Most people want to consider a life of earning enough income for an active lifestyle into their 80’s. For most this is going to mean a 20 year investment timeframe, at the least. In the example above, the need to dip into the bank account to make up the shortfall in living costs will erode the bank balance until after around 26 years there is nothing left. For some people this is ok. They are prepared to accept that with careful control of expenditure, they will at least be able to meet their living costs into their 80’s (if you retired somewhere between 55 and 60). In Australia, there would most likely be some form of Age Pension entitlement that would kick in eventually, as the level of investment assets decreases below whatever are the relevant thresholds at the time. However, most people want a chance to do better than this.

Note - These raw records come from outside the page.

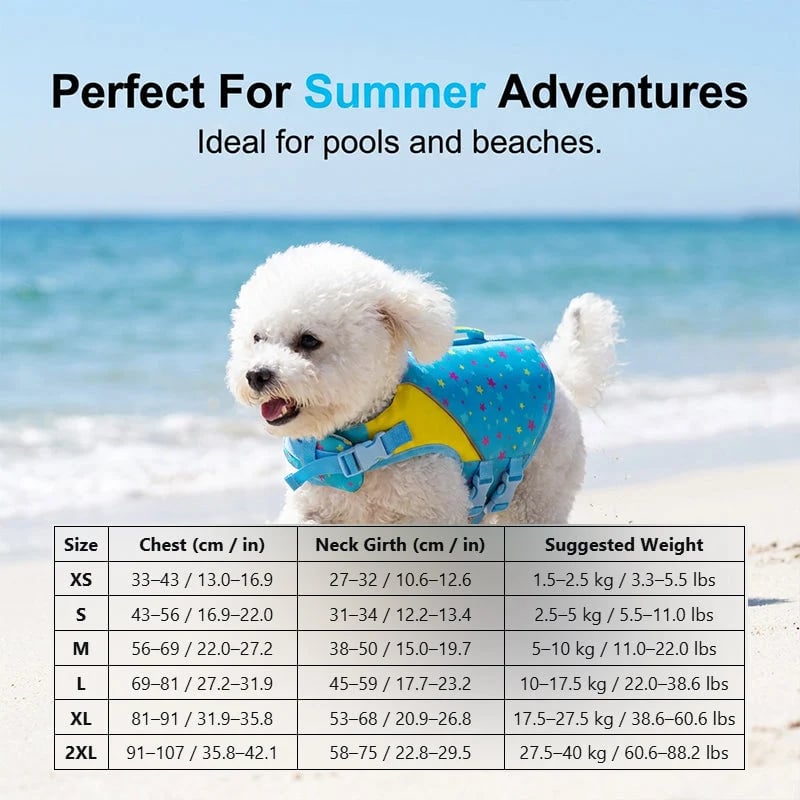 🐕 50% OFF NOW! 🛡️ High-buoyancy dog life jacket – professional life jacket, ergonomic fit & tear-resistant material – perfect for water adventures 🌊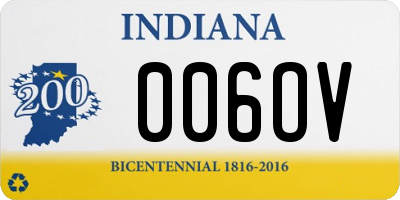 IN license plate 006OV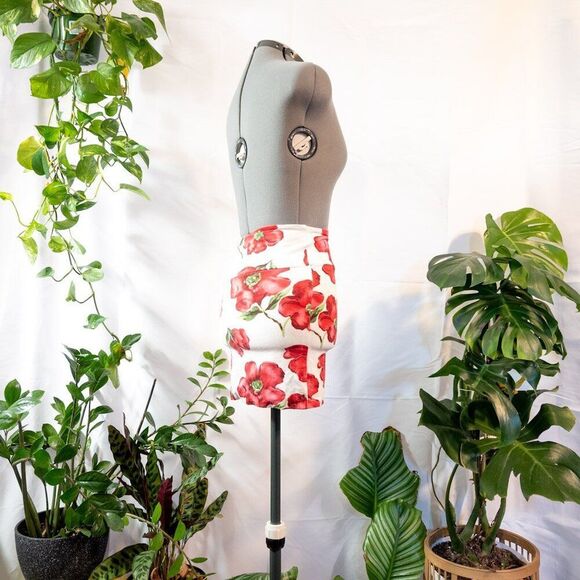 Wet Seal Floral High Waist Mini Pencil Skirt, Size S - Picture 6 of 9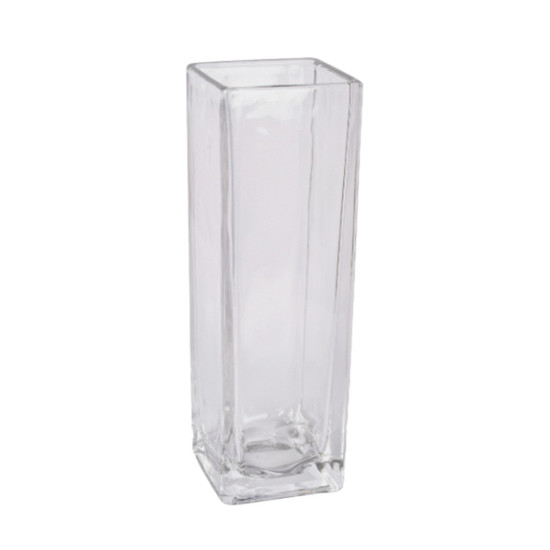 Imagem VASO DECORATIVO DE VIDRO 8 X 8 X 25CM - GRILLO 52926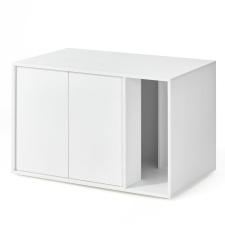  SONGMICS HOME Minimál Macska WC Szekrény Dohányzóasztal Hófehér macskatoalett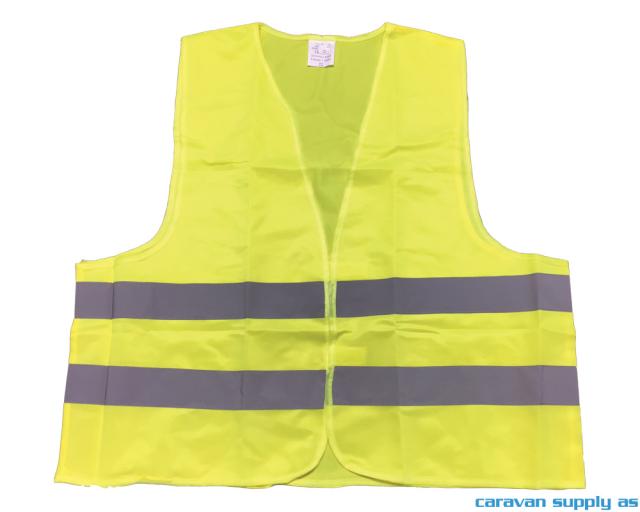 Refleksvest gul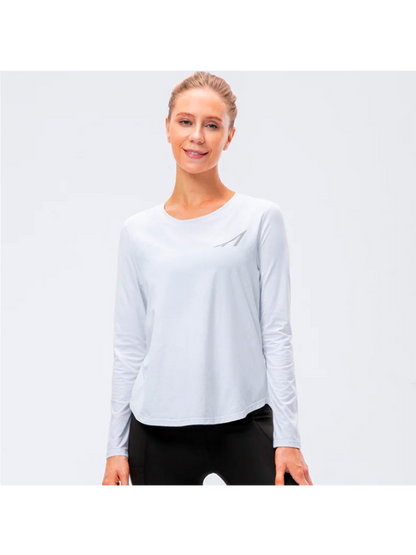 ALEXANDER Women’s Performance Long Sleeve Shirt - White Snow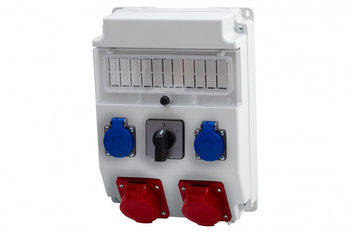 F-ELEKTRO F3.0409 Roz. CAJA 11M 2x32/5, 2x230V, 0/1(32A)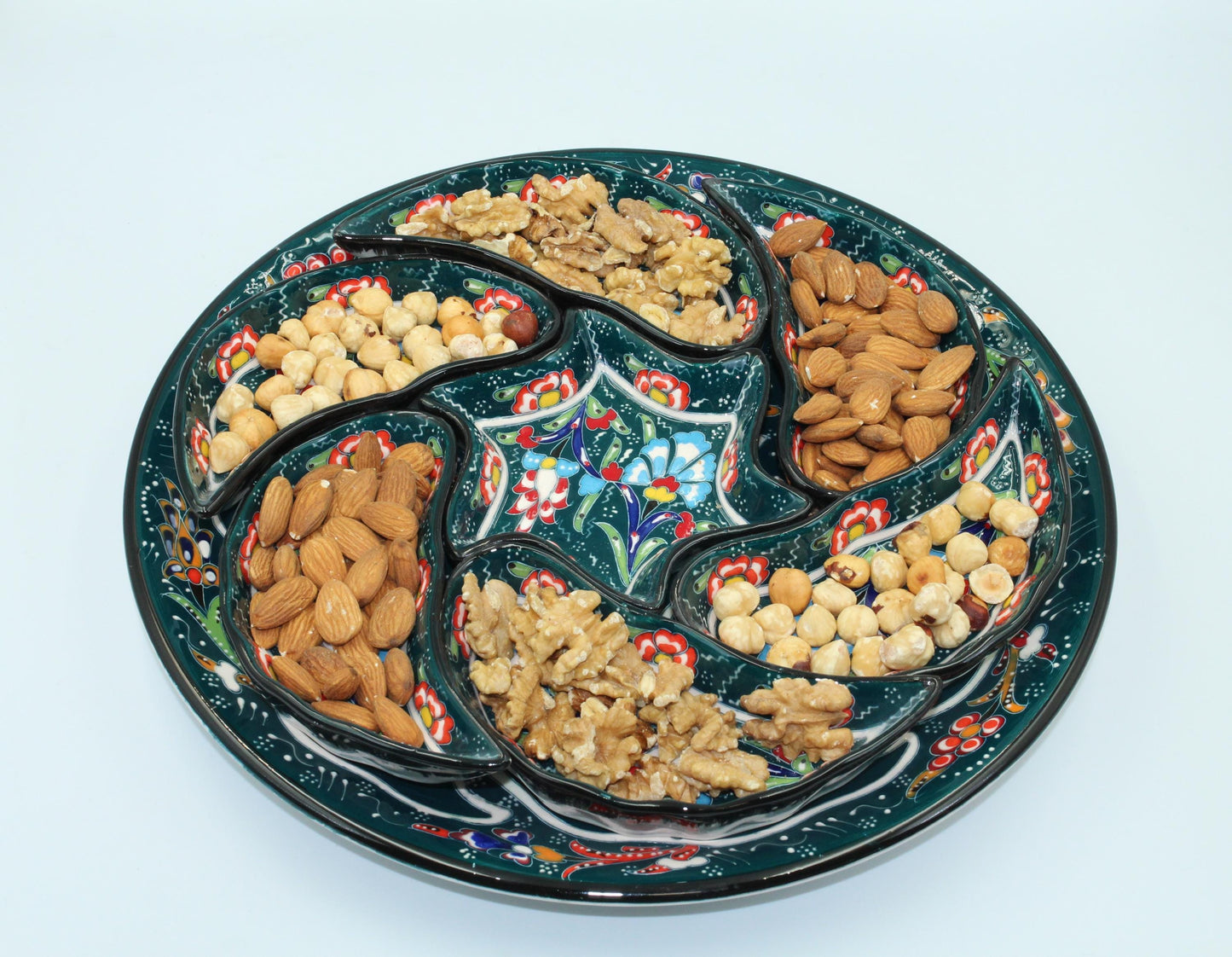 Nuts Ceramic Plates Tray Set gift for Breakfast Dinnerware Serving Set Decorative Ceramic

So let’s say the individual with $622,222 now wants to find a higher rate of return. How about moving just a little further up the risk slope and searching out term deposits? One year term deposits are currently paying 6.5% for amounts over $250,000. This means our person with $622,222 can now earn $40,444 a year. If they keep their spending to the equivalent of $28,000 today then they are able to increase their bank account by $12,444 in the first year. This extra 2% is helpful but our investor is still 1.1% shy of the inflation rate, which means they will eventually need to eat into capital to meet their ongoing income needs. Let’s assume the differential continues for the entire 10 years we looked at previously. The term deposit person is better off than the cash person but still does not have enough to live on without dipping into their capital or reducing their lifestyle – and we are starting from the Age Pension level, so there is not a lot of room to reduce costs. However, this person (assuming all other variables stay the same) has enough income to meet living costs the equivalent of $28,000 today for around 38 years before the money is completely gone. If you retire at 55 that takes you to 93, so that has to be a reasonable outcome.
The negative to this is that term deposits are currently offering one of the highest premiums over cash seen for a long time. This is because of the banks’ competition for deposits to reduce reliance on offshore borrowings. Whether this continues or not is open to debate.
Let’s get back to the risk/return profile business. IF you can earn 6.5% instead of 4.5% then to obtain your $28,000 in todays money and account for 3.1%pa inflation then you only need capital of about $500,000 for your money to last for 26 years. In other words, you can have the same lifestyle as the person earning 4.5% but with $122,222 less capital.
This is a good example of how a few extra percent can make a big difference to your long term objectives.
To recap – a person who accepts a higher level of risk has, in this case, a better chance of achieving their preferred outcomes.
Warnings to be considered include :
- Potential “break costs” if you find you need to access term deposit money early
- Rapidly increasing interest rates reducing the comparative value of your term deposits verus simle cash
- The security of the underlying institutions. This is one of the most difficult areas for any person to deal with – and it doesn’t matter if you have a degree in Finance, Engineering, Medicine or Fine Art… you simply are not going to be able to make “sensible” decisions on relative risk between major institutions (such as Australia’s “Big Four” banks) as the scope of issues that are implied by the term “risk” simply fail to work when looking at institutions in this way. Feel free to argue this one with me. Before doing so, please prepare a comprehensive summary of the relative strengths and weaknesses of Commonwealth Bank versus ANZ Bank, specifically as they relate to the security of my banking deposit. Rest assured that i will read any such essay with particular glee.
We will look at the risk and return relationship quite a bit over the coming months. Feel free to comment or criticise.